- HOW TO COMPLETE THIS TASK -
Copy out each line of the data holding "tweed".

- GIVEN RECORDS -
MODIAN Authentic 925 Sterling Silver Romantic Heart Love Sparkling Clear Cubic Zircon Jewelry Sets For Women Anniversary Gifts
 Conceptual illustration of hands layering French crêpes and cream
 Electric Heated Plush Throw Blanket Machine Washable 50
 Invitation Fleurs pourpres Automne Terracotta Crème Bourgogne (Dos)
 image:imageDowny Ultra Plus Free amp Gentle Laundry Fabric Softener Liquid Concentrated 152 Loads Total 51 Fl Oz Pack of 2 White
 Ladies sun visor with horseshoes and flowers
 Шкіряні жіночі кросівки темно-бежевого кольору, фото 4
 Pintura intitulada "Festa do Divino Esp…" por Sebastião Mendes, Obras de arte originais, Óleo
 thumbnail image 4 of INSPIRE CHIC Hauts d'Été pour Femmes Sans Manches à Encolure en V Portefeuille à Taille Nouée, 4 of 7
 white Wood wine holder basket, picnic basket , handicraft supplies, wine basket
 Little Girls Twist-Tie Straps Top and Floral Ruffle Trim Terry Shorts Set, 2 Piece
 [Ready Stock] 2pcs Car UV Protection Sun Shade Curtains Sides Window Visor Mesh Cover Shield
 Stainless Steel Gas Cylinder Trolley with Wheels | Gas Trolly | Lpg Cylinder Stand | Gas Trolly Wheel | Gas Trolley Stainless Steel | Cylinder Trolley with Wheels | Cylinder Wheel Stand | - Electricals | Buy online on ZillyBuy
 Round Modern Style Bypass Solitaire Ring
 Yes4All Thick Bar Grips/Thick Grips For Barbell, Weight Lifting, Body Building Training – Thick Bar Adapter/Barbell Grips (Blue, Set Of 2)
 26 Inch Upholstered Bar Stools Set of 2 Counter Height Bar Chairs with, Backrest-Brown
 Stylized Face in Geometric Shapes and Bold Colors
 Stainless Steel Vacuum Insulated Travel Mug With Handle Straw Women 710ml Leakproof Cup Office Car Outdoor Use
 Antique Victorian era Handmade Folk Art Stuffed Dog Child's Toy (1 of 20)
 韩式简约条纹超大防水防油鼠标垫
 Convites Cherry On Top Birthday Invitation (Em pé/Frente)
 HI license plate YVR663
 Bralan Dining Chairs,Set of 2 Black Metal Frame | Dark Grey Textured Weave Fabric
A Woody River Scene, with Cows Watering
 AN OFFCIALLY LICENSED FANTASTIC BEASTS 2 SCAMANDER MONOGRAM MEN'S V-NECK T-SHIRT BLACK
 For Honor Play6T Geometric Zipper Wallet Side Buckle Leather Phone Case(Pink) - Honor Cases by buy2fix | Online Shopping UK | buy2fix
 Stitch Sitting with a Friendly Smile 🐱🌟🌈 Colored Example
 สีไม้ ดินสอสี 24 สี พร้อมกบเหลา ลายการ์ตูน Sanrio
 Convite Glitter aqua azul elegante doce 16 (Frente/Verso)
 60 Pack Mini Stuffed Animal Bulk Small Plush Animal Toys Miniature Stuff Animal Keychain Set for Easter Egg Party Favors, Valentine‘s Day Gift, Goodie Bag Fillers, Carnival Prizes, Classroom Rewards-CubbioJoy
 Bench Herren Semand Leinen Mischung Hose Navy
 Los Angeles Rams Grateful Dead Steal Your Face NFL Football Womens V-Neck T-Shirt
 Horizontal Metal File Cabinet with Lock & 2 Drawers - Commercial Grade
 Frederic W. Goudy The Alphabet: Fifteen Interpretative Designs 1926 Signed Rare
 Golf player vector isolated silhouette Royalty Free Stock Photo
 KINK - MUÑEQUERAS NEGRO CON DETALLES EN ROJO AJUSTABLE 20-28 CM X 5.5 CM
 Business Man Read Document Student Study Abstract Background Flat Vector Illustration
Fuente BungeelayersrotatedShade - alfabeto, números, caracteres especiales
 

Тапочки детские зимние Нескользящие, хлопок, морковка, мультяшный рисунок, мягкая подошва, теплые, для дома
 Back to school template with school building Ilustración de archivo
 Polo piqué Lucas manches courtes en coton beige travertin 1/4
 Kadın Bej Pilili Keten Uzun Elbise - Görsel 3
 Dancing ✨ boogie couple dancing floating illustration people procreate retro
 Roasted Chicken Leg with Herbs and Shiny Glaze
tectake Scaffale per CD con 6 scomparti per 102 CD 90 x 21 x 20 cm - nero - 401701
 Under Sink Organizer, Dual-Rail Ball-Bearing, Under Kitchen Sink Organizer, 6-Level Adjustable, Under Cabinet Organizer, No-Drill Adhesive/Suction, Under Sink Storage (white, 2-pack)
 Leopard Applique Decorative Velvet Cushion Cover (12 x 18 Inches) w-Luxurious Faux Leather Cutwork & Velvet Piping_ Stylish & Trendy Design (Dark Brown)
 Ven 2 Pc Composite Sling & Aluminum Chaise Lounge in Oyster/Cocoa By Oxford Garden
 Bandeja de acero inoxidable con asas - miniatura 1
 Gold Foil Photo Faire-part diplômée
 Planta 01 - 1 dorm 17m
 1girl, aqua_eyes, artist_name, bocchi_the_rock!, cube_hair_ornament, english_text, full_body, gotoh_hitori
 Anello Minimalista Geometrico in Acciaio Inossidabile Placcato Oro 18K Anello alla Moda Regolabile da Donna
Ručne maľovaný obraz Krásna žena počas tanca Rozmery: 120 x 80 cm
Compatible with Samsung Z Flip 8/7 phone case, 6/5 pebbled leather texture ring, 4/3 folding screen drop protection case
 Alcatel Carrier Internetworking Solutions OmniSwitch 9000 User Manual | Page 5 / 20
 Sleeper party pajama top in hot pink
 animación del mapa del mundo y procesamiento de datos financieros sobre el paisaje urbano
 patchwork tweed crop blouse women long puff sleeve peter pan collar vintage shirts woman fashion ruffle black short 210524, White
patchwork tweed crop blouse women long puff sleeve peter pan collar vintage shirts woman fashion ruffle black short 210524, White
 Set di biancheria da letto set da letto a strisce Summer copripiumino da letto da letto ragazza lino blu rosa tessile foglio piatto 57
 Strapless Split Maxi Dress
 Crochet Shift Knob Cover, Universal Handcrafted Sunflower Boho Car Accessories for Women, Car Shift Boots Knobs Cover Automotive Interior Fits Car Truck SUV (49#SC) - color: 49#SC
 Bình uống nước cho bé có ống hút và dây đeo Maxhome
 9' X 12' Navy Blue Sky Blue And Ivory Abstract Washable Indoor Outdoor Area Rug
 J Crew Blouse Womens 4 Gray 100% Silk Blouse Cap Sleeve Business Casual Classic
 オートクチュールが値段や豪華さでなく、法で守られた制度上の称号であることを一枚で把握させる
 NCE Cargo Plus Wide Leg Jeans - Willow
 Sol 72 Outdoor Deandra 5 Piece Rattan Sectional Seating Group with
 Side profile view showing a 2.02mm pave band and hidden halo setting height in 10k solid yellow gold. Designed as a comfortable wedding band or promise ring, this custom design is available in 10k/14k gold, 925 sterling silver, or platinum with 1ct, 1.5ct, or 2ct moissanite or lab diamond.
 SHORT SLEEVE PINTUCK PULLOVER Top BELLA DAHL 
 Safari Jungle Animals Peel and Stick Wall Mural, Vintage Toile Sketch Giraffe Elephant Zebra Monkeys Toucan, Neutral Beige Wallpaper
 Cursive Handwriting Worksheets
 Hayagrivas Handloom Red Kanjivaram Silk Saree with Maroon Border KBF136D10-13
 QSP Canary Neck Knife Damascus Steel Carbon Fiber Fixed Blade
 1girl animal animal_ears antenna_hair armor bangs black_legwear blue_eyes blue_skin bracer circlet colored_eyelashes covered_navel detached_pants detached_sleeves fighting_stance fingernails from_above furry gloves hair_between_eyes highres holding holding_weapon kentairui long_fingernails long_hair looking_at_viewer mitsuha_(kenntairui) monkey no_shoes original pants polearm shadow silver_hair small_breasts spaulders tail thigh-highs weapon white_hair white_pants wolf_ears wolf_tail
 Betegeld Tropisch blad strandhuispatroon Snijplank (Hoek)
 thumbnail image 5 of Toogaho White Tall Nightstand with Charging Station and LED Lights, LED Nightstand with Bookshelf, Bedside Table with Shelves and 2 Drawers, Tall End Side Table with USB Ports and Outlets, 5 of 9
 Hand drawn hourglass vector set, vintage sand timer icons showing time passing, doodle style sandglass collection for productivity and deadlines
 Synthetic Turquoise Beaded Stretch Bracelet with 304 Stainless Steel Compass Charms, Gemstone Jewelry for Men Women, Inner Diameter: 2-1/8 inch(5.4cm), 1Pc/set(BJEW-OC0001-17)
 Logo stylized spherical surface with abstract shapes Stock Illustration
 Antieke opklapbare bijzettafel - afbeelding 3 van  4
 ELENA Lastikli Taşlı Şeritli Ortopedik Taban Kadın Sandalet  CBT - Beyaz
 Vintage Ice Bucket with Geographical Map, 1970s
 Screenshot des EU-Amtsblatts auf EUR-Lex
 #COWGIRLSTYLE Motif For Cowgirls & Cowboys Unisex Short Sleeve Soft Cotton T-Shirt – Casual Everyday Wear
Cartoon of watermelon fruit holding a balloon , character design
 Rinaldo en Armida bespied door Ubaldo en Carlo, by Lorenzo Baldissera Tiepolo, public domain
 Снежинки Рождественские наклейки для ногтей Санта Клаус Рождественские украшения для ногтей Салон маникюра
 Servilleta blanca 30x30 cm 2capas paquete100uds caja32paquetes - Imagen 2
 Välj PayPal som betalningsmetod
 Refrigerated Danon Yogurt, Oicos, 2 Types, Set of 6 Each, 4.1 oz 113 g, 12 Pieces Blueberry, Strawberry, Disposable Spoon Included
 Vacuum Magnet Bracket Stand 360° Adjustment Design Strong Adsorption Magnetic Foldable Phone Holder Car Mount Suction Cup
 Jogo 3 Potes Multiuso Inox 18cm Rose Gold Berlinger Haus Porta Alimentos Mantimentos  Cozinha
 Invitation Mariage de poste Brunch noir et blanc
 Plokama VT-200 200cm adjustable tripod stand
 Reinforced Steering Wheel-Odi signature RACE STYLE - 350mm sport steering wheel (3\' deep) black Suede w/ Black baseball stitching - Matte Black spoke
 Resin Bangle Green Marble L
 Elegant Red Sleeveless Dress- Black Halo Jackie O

- SOLUTION FOR THIS EXERCISE -
 patchwork tweed crop blouse women long puff sleeve peter pan collar vintage shirts woman fashion ruffle black short 210524, White
patchwork tweed crop blouse women long puff sleeve peter pan collar vintage shirts woman fashion ruffle black short 210524, White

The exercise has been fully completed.